* Task to carry out
When the string "Black" occurs in a line of the records, show that line.

* Crawled caption data
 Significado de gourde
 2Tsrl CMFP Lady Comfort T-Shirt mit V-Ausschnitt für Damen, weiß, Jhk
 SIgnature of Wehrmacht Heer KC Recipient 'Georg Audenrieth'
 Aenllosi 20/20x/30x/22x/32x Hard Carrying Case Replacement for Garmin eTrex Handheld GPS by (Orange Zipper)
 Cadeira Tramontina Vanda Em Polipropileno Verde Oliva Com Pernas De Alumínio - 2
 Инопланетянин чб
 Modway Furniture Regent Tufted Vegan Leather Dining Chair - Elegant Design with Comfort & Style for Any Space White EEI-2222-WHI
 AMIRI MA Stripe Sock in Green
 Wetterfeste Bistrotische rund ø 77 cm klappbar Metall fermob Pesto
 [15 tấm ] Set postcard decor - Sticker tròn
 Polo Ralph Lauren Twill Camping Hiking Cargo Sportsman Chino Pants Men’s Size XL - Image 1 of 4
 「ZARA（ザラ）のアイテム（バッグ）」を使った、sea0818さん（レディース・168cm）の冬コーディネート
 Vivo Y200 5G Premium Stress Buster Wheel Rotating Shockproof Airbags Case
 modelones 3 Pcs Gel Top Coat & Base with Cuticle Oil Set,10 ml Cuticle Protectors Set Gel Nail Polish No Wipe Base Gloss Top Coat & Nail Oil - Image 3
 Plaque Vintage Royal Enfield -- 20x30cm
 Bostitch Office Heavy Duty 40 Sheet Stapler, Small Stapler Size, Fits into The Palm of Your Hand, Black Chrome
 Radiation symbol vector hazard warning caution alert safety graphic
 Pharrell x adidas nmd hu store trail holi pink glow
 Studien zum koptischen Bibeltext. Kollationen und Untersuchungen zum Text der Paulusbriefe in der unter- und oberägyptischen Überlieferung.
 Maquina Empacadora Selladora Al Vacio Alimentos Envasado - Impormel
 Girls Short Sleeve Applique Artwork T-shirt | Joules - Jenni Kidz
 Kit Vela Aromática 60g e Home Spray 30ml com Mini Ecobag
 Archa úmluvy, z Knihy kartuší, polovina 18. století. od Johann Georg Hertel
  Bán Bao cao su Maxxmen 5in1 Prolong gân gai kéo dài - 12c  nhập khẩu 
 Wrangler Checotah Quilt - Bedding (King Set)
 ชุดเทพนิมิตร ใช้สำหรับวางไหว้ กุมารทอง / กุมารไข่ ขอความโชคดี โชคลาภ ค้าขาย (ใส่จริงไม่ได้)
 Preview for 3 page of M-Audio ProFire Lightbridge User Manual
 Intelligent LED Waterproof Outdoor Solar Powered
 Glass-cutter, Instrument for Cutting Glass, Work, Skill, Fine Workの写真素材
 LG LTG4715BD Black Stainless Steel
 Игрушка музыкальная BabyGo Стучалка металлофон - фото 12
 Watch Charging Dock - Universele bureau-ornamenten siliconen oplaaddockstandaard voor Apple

* Written answer
 Bostitch Office Heavy Duty 40 Sheet Stapler, Small Stapler Size, Fits into The Palm of Your Hand, Black Chrome
 LG LTG4715BD Black Stainless Steel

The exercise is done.